The chilling murder story, which made headlines in Russia last November, began with rescuers getting a call about an elderly man falling into the Moyka River in the historic center of St Petersburg.
The person was retrieved from the freezing waters and rushed to hospital suffering from shock and hypothermia. But the emergency workers were then stunned to discover two severed female arms and a non-lethal gun in a backpack that the rescued man had on him.
The owner of the backpack was swiftly identified as Oleg Sokolov, a famous Napoleonic-era scholar from St Petersburg’s most prestigious university, who has been awarded the Legion of Honor, the highest national order of merit in France, for his studies.
During a search of the 63-year-old’s antiquities-filled apartment, not far from the river, a bag with a human head, an unregistered sawn-off gun with bullets, as well as a bloodied hacksaw, an axe and several knives, were found.
The victim turned out to be 24-year-old postgraduate student Anastasia Yeshchenko, who used to be Sokolov’s lover and protégé. The duo lived together and often appeared at costumed re-enactments of events from the Napoleonic Wars, in which Sokolov usually posed as French Emperor Napoleon himself.
The subsequent investigation established that the historian had shot the woman in the head with a sawn-off gun and then suffocated her during a jealousy-induced quarrel at his apartment. Several days later, he decided to dispose of the body and dismembered it. But when Sokolov was trying to drown the backpack with the remains in the Moyka River, he slipped and fell into the water.

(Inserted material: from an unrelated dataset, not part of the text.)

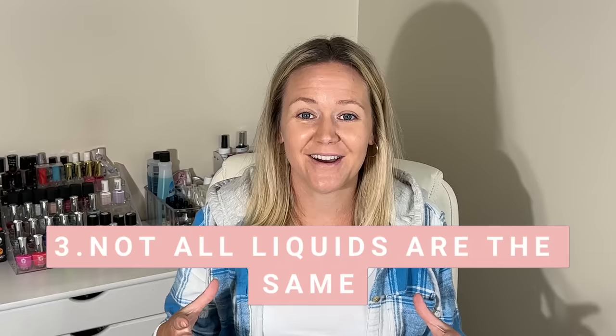I used to use the same brand of powders and liquids for years before I ventured out and tried different things. What I quickly learned is that not all liquids are the same. Seven years ago there wasn't a whole lot of information out there on dip powder and there definitely weren't a whole lot of brands. There are so many different liquid types out there to explore. There are different dry times, different consistencies — thick, thin, or medium.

On Friday, a line was finally drawn in this bizarre case as a St Petersburg court found Sokolov guilty of murder and illegal possession of arms. He was sentenced to twelve and a half years in a maximum-security prison.
The judge pointed out that there were no grounds to believe the scholar’s claims that he only wanted to fire a warning shot to calm the woman down, but hit her in the head accidentally or that he couldn’t remember most of the events that occurred after he used the gun.
Sokolov’s actions during the quarrel that culminated in murder were spontaneous, but he had full understanding of what he was doing, she pointed out. According to the results of the psychiatric examination, the historian didn’t suffer from any metal disorders. However, he was described as a demonstrative, attention-seeking person, disposed to taking unnecessary risks.
The scholar acknowledged his guilt in court. “I not only believe that I must be punished and that I deserve a punishment, but I want to be punished to atone for the crime that I’ve committed,” he said in his concluding address.
He has insisted, though, that he should only be held accountable for his actual wrongdoings, but not for the crime that was “invented by sensation-seeking journalists.” The man also blamed Yeshchenko of delivering him “monstrous, terrible offences” during their conflict. The woman stopped loving him long before and only used him for career progression, he claimed.
While delivering the sentence, the court took into account the fact that Sokolov had small children, as well as his advanced age, his contribution to historical science and to the reenactment movement – all that plus the psychologically traumatic state he supposedly had been in for a long time.
The lawyers of the victim’s family said they won’t appeal against the ruling. The prosecution, which initially sought 15 years for Sokolov, also expressed satisfaction with the sentence, saying that it was in line with “general legal practice” in Russia regarding such articles of the criminal code.